What the task requires: Only the lines from the start of the entries through the line with "The Queens of" are wanted; please output them exactly.

Data supplied:
***

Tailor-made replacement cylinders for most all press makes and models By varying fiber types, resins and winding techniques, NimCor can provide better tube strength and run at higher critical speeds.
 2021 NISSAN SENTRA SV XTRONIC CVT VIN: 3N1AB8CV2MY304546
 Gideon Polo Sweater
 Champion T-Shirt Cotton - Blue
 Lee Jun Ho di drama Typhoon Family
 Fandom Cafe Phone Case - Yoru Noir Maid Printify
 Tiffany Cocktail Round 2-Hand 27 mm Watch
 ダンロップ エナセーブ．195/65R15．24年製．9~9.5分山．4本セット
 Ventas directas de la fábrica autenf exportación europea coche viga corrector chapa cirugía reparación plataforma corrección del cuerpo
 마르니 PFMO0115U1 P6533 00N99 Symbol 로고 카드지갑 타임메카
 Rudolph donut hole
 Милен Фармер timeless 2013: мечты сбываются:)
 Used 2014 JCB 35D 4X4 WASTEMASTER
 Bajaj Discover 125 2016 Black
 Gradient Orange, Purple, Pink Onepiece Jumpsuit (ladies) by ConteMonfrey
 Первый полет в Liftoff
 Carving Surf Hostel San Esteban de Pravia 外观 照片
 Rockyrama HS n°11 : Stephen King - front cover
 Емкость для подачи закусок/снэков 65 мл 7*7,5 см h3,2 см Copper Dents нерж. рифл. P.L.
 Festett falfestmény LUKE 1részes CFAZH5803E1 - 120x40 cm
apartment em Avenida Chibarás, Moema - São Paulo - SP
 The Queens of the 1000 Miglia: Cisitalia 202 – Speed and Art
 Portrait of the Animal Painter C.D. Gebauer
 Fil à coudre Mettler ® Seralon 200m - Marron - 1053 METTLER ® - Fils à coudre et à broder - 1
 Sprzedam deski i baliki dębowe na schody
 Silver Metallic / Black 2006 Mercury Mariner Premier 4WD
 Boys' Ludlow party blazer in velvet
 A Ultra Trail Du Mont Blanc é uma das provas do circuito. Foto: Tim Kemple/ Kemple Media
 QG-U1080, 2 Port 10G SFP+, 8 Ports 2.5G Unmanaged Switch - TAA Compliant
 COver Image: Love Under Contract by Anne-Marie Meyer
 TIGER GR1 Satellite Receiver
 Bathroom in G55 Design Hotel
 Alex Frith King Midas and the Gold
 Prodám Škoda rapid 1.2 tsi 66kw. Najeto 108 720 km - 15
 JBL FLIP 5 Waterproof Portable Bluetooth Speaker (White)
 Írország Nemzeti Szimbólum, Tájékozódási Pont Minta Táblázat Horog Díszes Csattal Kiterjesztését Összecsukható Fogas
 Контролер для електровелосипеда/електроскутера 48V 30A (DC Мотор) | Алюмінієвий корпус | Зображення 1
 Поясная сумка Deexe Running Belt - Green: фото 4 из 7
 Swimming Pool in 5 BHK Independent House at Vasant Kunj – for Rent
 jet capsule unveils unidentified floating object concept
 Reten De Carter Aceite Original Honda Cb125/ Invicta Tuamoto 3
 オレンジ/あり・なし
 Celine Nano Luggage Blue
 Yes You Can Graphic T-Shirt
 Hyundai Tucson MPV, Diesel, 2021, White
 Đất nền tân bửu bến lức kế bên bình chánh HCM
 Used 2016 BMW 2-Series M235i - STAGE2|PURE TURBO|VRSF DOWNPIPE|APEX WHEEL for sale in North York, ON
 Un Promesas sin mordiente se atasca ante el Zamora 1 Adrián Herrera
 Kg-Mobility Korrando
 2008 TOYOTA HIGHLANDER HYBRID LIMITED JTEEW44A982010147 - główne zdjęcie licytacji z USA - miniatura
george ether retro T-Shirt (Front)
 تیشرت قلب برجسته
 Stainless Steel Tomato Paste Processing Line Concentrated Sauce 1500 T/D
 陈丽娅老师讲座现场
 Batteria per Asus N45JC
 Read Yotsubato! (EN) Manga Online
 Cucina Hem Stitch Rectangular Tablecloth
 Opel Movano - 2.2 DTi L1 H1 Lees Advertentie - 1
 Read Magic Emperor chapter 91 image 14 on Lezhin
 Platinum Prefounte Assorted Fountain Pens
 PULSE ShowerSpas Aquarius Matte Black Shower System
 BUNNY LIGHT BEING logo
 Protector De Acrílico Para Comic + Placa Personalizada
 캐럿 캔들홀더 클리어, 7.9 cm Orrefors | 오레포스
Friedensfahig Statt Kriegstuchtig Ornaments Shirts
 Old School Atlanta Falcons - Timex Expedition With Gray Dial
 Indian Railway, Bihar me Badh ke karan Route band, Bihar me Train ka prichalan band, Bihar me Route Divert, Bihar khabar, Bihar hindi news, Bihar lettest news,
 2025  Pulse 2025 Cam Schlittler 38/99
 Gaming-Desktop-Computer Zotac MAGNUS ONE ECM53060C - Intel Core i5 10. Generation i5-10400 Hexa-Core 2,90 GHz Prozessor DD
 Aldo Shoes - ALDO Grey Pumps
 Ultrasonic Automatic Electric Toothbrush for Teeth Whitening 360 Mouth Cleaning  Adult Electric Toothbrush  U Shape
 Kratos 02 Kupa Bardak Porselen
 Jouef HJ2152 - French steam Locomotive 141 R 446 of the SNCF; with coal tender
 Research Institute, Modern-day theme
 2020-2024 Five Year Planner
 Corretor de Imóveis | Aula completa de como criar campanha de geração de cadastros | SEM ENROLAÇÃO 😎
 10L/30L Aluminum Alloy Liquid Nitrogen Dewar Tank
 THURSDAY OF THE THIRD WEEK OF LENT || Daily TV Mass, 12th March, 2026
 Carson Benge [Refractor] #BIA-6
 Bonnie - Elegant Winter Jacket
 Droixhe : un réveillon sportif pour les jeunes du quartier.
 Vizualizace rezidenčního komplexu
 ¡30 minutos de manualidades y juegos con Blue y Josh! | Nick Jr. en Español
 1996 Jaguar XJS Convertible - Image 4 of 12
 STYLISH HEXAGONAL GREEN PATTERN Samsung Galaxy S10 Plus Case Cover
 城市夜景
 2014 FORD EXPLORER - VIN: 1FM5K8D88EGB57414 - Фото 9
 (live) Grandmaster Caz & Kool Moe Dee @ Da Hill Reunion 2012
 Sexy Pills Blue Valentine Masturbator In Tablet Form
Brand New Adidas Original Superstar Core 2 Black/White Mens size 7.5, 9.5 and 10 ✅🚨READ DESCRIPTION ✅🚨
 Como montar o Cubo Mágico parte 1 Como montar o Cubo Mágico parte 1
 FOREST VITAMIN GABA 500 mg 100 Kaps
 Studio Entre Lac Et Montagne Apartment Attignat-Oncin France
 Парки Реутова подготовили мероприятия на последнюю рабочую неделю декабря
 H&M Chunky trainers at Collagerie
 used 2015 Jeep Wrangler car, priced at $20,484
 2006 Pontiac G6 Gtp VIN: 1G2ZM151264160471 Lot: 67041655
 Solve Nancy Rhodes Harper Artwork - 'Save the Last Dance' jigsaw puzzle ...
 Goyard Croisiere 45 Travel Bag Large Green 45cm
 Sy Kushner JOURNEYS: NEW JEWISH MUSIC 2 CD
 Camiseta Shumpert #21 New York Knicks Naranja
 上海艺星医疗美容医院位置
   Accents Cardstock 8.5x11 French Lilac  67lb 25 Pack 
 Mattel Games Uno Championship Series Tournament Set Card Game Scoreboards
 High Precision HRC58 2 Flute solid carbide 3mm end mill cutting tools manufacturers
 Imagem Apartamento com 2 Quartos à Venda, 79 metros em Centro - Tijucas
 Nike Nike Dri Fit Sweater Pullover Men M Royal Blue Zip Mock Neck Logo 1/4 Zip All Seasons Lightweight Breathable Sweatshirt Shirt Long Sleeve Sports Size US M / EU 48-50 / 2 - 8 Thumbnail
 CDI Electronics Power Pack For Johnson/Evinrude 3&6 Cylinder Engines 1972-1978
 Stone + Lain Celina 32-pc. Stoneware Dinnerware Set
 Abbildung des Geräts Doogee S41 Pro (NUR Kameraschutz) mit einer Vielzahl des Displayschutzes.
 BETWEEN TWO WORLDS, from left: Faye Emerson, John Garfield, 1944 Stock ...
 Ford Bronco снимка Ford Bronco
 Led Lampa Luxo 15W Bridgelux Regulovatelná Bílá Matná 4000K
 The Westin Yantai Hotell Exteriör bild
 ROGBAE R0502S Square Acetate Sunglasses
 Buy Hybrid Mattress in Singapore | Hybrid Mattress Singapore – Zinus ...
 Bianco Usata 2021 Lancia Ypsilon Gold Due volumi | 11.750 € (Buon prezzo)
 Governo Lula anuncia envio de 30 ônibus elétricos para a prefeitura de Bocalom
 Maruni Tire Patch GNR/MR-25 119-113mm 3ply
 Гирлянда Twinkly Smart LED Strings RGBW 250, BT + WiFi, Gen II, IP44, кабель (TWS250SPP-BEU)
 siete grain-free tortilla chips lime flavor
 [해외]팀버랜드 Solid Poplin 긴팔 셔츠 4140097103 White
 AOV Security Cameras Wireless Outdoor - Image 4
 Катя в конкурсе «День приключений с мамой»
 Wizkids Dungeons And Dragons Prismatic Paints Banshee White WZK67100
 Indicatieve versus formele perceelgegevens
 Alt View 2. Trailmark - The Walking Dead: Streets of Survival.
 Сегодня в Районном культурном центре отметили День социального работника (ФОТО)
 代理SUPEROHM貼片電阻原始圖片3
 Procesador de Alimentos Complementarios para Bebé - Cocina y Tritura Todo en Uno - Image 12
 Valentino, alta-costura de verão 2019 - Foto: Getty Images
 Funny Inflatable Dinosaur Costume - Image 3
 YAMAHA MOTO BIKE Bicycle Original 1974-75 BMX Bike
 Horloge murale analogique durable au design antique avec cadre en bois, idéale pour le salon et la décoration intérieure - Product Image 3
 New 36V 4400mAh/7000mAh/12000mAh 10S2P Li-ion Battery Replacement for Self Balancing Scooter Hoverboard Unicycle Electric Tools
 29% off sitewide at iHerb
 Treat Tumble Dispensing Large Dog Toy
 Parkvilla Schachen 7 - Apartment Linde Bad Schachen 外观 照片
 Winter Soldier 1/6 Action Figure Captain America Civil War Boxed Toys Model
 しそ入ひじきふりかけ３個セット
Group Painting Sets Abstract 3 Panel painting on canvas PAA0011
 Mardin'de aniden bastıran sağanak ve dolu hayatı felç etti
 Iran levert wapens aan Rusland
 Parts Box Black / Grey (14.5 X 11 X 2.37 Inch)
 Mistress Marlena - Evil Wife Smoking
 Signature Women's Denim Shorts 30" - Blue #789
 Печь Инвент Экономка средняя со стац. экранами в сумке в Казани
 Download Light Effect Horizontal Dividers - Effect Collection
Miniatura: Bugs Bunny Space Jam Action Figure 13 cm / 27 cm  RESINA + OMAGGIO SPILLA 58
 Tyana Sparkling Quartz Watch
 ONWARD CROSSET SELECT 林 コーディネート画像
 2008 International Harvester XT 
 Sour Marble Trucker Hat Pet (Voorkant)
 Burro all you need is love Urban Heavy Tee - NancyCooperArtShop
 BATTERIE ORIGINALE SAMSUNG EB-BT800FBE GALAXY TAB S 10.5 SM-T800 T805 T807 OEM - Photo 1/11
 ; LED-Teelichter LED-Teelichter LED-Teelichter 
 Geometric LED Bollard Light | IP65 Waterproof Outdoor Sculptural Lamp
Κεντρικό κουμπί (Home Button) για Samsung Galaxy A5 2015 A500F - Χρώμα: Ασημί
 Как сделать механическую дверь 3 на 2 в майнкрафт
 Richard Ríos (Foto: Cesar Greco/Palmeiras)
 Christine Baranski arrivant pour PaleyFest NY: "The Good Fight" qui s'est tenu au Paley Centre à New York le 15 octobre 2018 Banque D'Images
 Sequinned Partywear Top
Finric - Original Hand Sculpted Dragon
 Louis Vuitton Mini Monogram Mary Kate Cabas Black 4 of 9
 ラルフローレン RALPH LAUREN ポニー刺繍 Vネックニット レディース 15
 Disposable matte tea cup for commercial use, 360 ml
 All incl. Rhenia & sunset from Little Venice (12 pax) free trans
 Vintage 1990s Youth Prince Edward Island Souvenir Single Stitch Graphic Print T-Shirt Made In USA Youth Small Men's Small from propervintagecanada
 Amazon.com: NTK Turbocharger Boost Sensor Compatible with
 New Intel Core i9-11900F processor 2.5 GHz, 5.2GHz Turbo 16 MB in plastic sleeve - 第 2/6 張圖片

***

Task solution:
Tailor-made replacement cylinders for most all press makes and models By varying fiber types, resins and winding techniques, NimCor can provide better tube strength and run at higher critical speeds.
 2021 NISSAN SENTRA SV XTRONIC CVT VIN: 3N1AB8CV2MY304546
 Gideon Polo Sweater
 Champion T-Shirt Cotton - Blue
 Lee Jun Ho di drama Typhoon Family
 Fandom Cafe Phone Case - Yoru Noir Maid Printify
 Tiffany Cocktail Round 2-Hand 27 mm Watch
 ダンロップ エナセーブ．195/65R15．24年製．9~9.5分山．4本セット
 Ventas directas de la fábrica autenf exportación europea coche viga corrector chapa cirugía reparación plataforma corrección del cuerpo
 마르니 PFMO0115U1 P6533 00N99 Symbol 로고 카드지갑 타임메카
 Rudolph donut hole
 Милен Фармер timeless 2013: мечты сбываются:)
 Used 2014 JCB 35D 4X4 WASTEMASTER
 Bajaj Discover 125 2016 Black
 Gradient Orange, Purple, Pink Onepiece Jumpsuit (ladies) by ConteMonfrey
 Первый полет в Liftoff
 Carving Surf Hostel San Esteban de Pravia 外观 照片
 Rockyrama HS n°11 : Stephen King - front cover
 Емкость для подачи закусок/снэков 65 мл 7*7,5 см h3,2 см Copper Dents нерж. рифл. P.L.
 Festett falfestmény LUKE 1részes CFAZH5803E1 - 120x40 cm
apartment em Avenida Chibarás, Moema - São Paulo - SP
 The Queens of the 1000 Miglia: Cisitalia 202 – Speed and Art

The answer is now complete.